YOUR ASSIGNMENT: Would you give the listing back word for word once its pictures are removed?

--- RECORDS FOR PROCESSING Enclosed Below ---

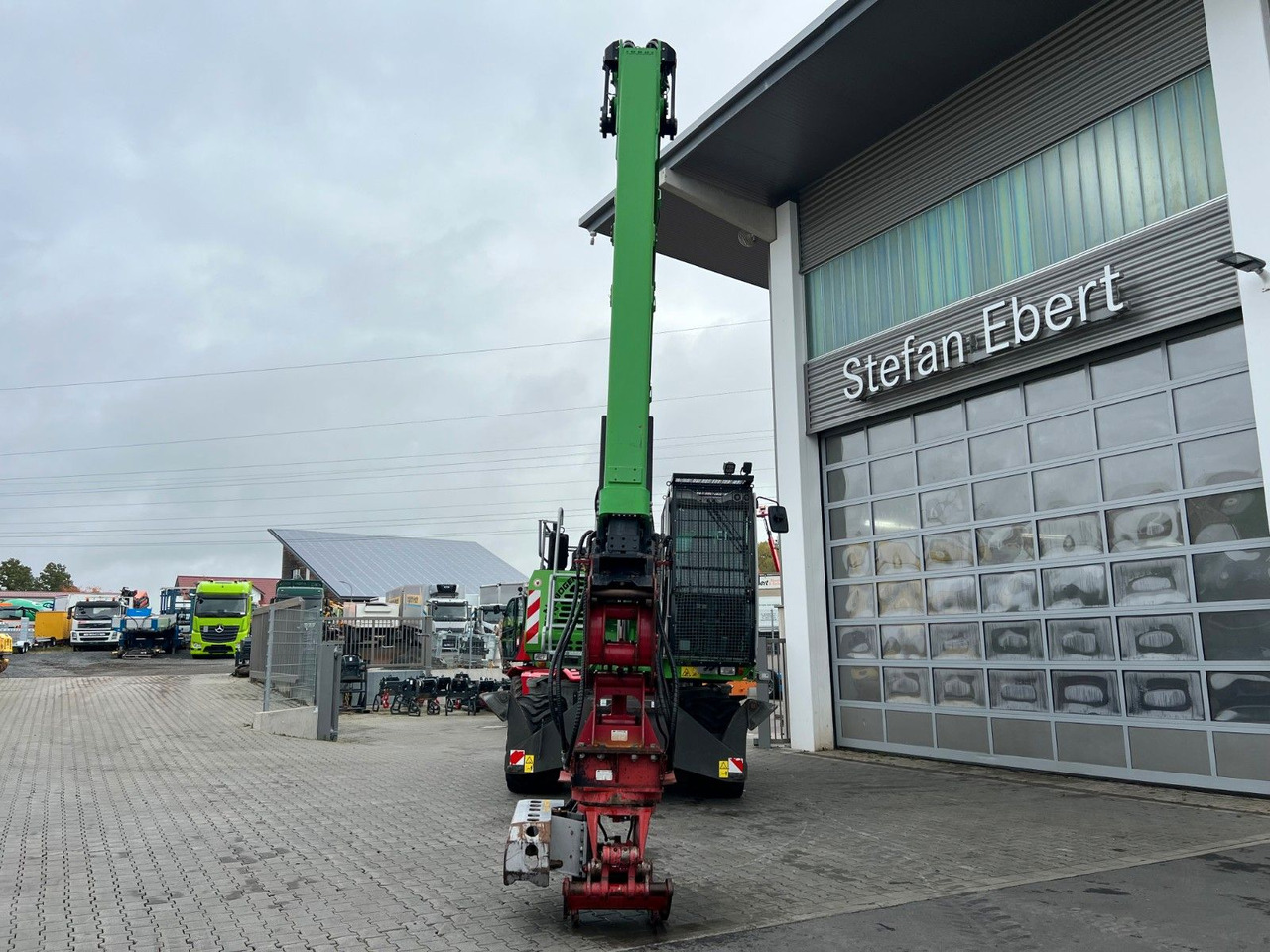 Sennebogen 718 / inkl. Vosch Fällzange / nur 1.965h! - Pelle sur pneus: photos 4 Sennebogen 718 / inkl. Vosch Fällzange / nur 1.965h! - Pelle sur pneus: photos 4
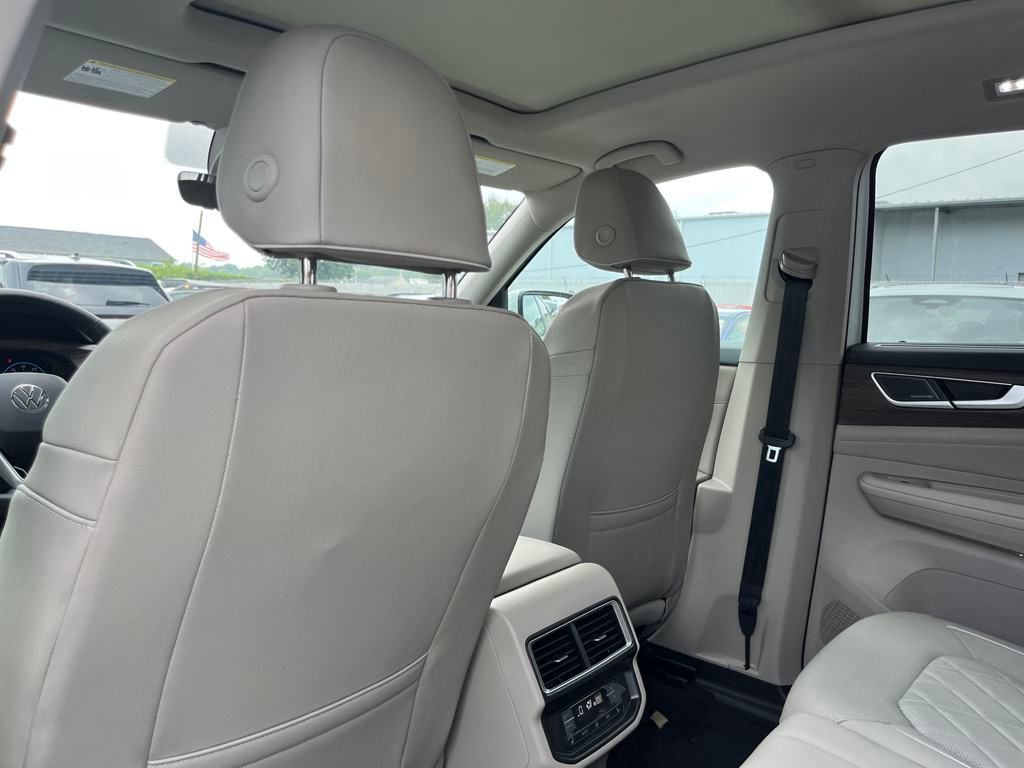 2025 Volkswagen Atlas SEL Premium R-Line photo 20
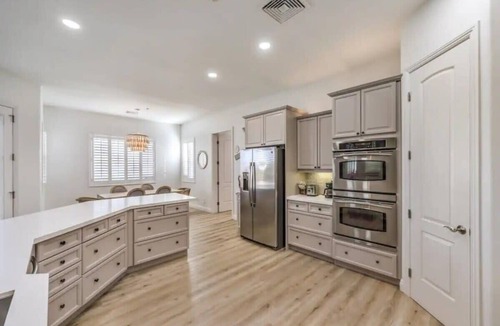 Henderson Villa | 5BR Luxury Villa Pool, Spa, RV Parking, Sleeps 12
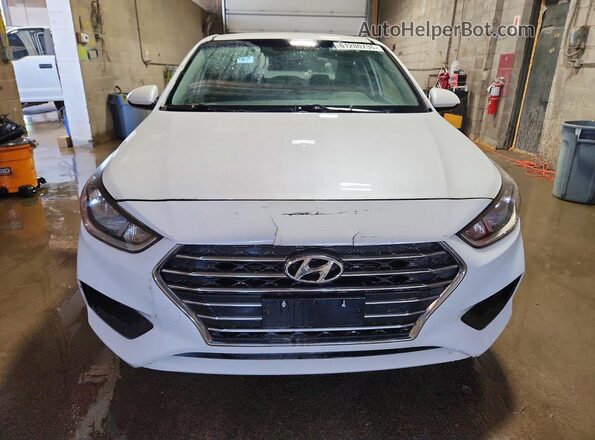 3KPC24A35KE070272 2019 HYUNDAI ACCENT Белый Вид спереди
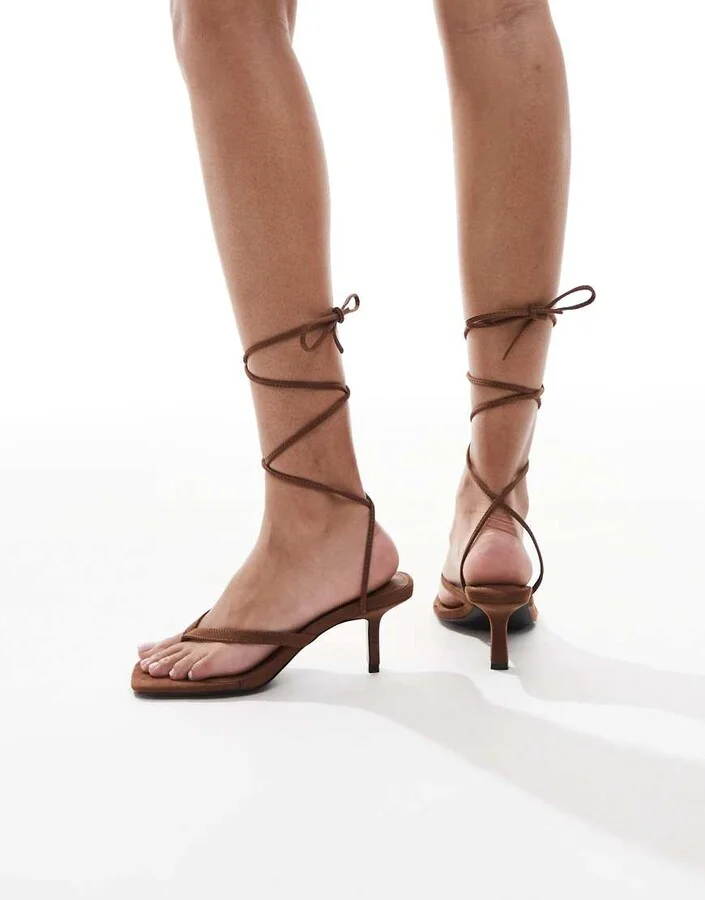 4th & Reckless strappy mid heel thong sandals in faux suede brown - Image 2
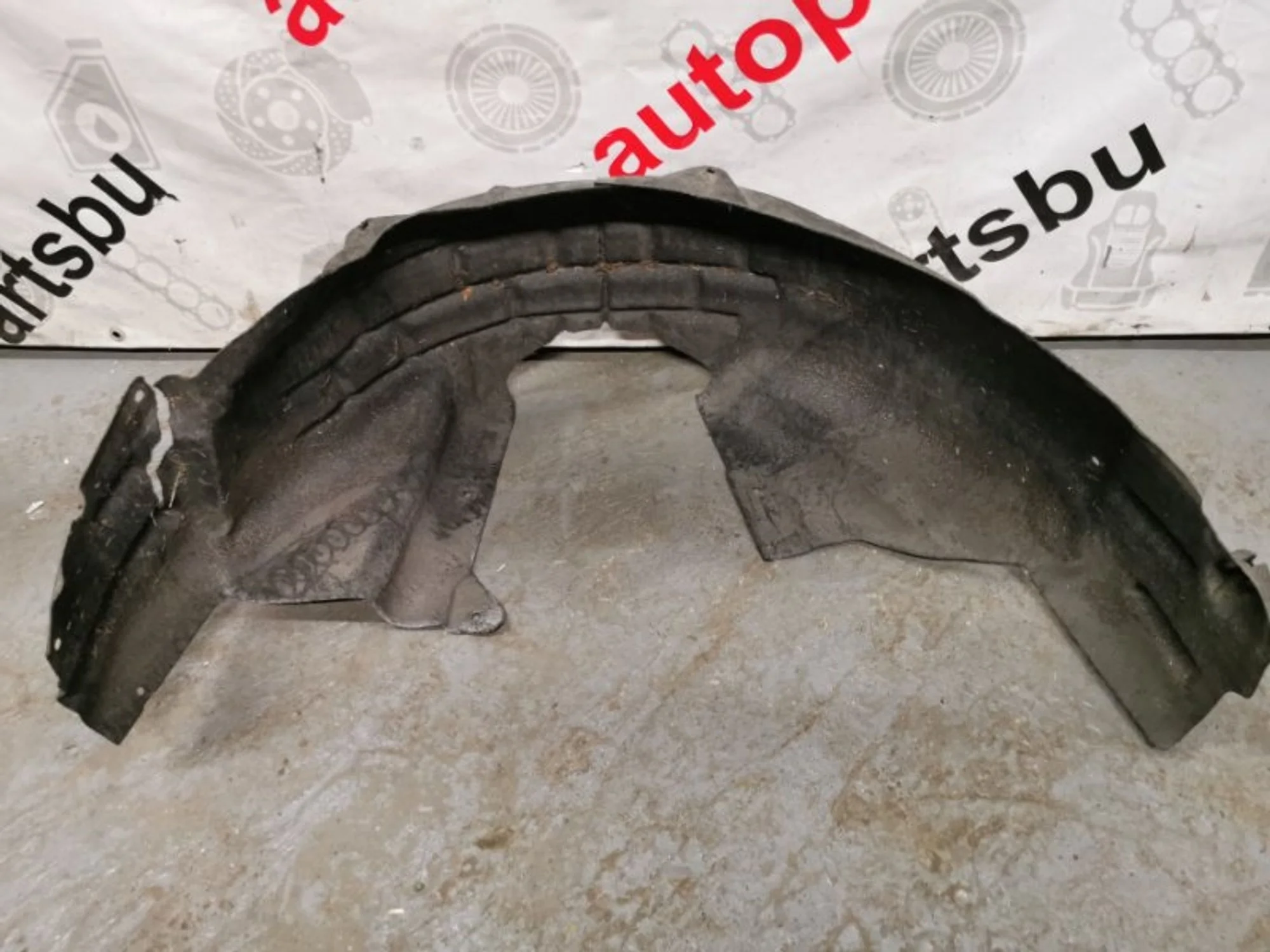 Подкрылок ( локер ) Ford Focus 3 1852051, задний правый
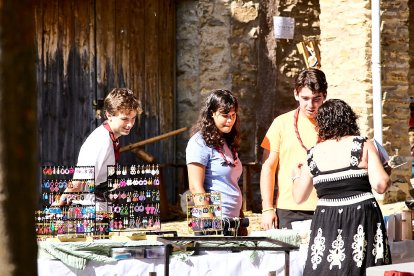 Vecinos y visitantes hoy en el mercado tradicional de Yanguas.
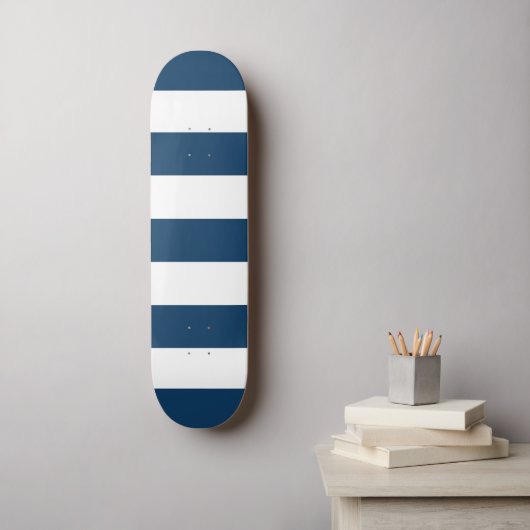 Blaue Streifen, weiße Streifen, gestreiftes Muster Skateboard (Wandkunst)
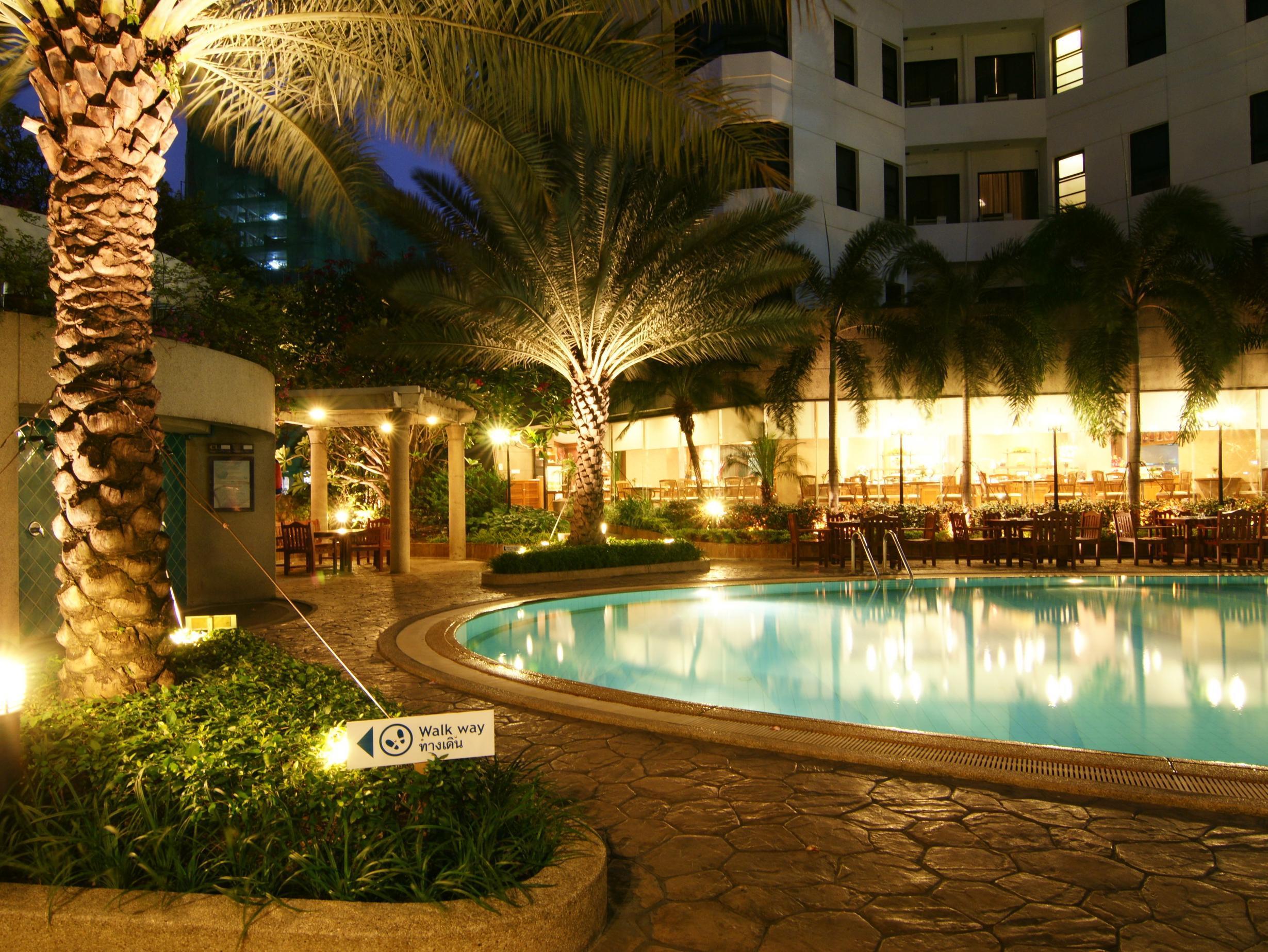 Grand Diamond Suites Hotel Bangkok Extérieur photo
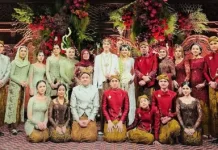 Selebritas Hadiri Resepsi Pernikahan El Rumi Syifa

--- End of Enclosed RECORDS FOR PROCESSING ---

REPLY:
 Sennebogen 718 / inkl. Vosch Fällzange / nur 1.965h! - Pelle sur pneus: photos 4 Sennebogen 718 / inkl. Vosch Fällzange / nur 1.965h! - Pelle sur pneus: photos 4
 2025 Volkswagen Atlas SEL Premium R-Line photo 20
 Henderson Villa | 5BR Luxury Villa Pool, Spa, RV Parking, Sleeps 12
 3KPC24A35KE070272 2019 HYUNDAI ACCENT Белый Вид спереди
 4th & Reckless strappy mid heel thong sandals in faux suede brown - Image 2
 Подкрылок ( локер ) Ford Focus 3 1852051, задний правый
 Vecinos y visitantes hoy en el mercado tradicional de Yanguas.
 Blaue Streifen, weiße Streifen, gestreiftes Muster Skateboard (Wandkunst)
 Grand Diamond Suites Hotel Bangkok Extérieur photo
 Selebritas Hadiri Resepsi Pernikahan El Rumi Syifa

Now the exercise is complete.